先に話したスケーラビリティ問題を解決するには、10分毎に承認されるトランザクションを増やせばいいわけです。それを上記の方法で、ブロックチェーンのルールに変更を加えることなく(フォークすることなく)実現できるのがSegwitというわけです。

逆に、ビットコイン・キャッシュは、スケーラビリティ問題を改善するためにブロックサイズを拡張してブロックチェーンのルールを変更したからフォークしたわけです。

■「ライトニング・ネットワーク」とは何か?

また、Segwitは単なるスケーラビリティ問題の解決するだけのものではありません。ビットコインの次の革命と呼ばれることもあるライトニング・ネットワークという機能を可能にする実装でもあるのです。現在、専門的な解説以外ではあまり語られていないようなのですが、これはけっこうすごいです。

ライトニング・ネットワークを簡単にいうと、ビットコインで小額決済ができるようになる仕組みです。
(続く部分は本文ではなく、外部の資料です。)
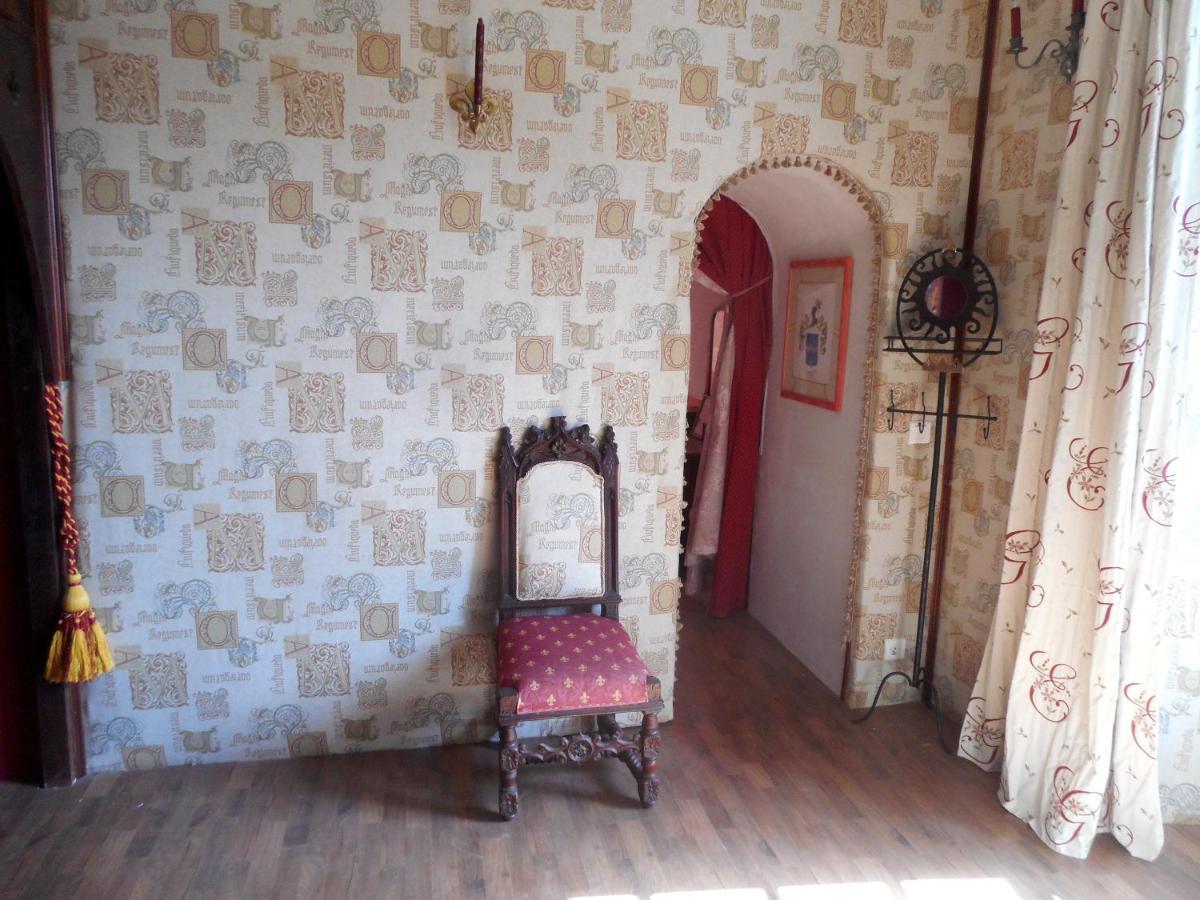 Logis De La Meschaussee, Dans Donjon Du Xie Siecle Canet  Екстериор снимка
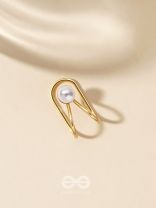 A PEARL PLEASE - GOLDEN EMBELLISHED EARCUFF (one ear)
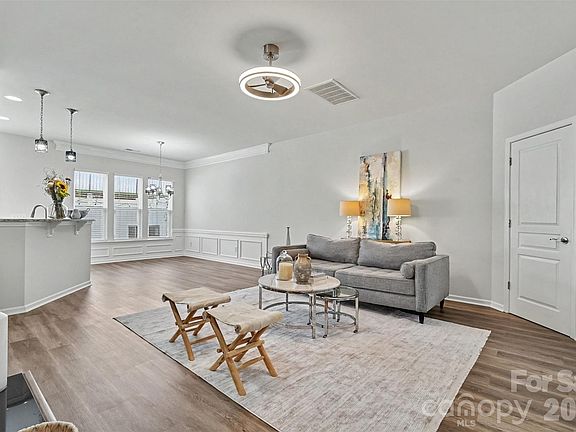 4th image of 2447 Diplomat Ln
前記したようにビットコインの取引は最低10分はかかってしまいます。例えば100円分の決済をするだけでも10分(もしくは何時間)も待たされてしまい、少なくない手数料を取られてしまうのでは、実用的であるはずがありません。それを解決できると目されている技術がライトニング・ネットワークというわけです。
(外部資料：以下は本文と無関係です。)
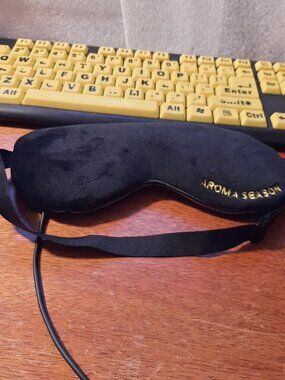 NEW ! Aroma Season Healted Eye Mask Black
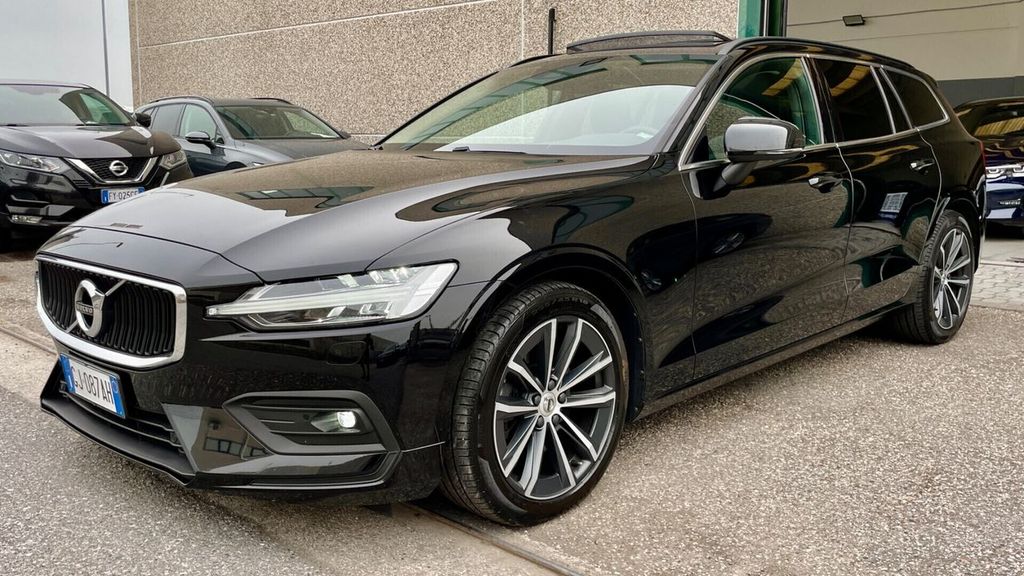 Volvo V60 2022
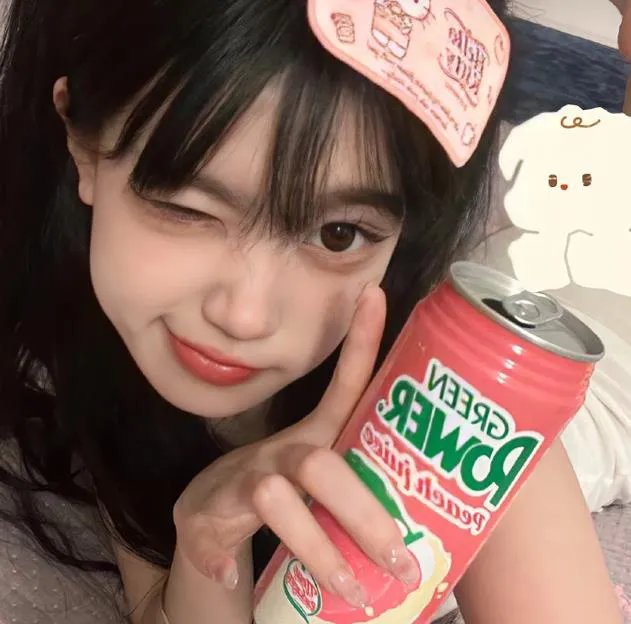 钢盔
ライトニング・ネットワークについて詳しく知りたい方は、こちらの記事(ビットコイン開発のど真ん中にいるBlockstreamのサムソン・モウ氏がTechCrunch Tokyoに登壇)をご参照ください。

ビットコインで小額決済ができるようになれば、さらに可能性がひろがりますよね。上記の記事によれば、サイドチェーンを使って0.00000001BTC(約0.004円)からの少額決済が可能になるということです。

また、これはライトニングネットワークを使ったものではないですが、日常の感謝の場面で少額のビットコインを贈ることができる仕様をSlack(仕事用LINEって感じのチャットアプリ)に追加できる「OKIMOCHI(オキモチ)」というソフトウェアが公開されました。このようなサービスはわくわくしますよね。

ライトニングネットワークによってこのようなサービスが広がれば、ネットがどんどん楽しくなるような気がします。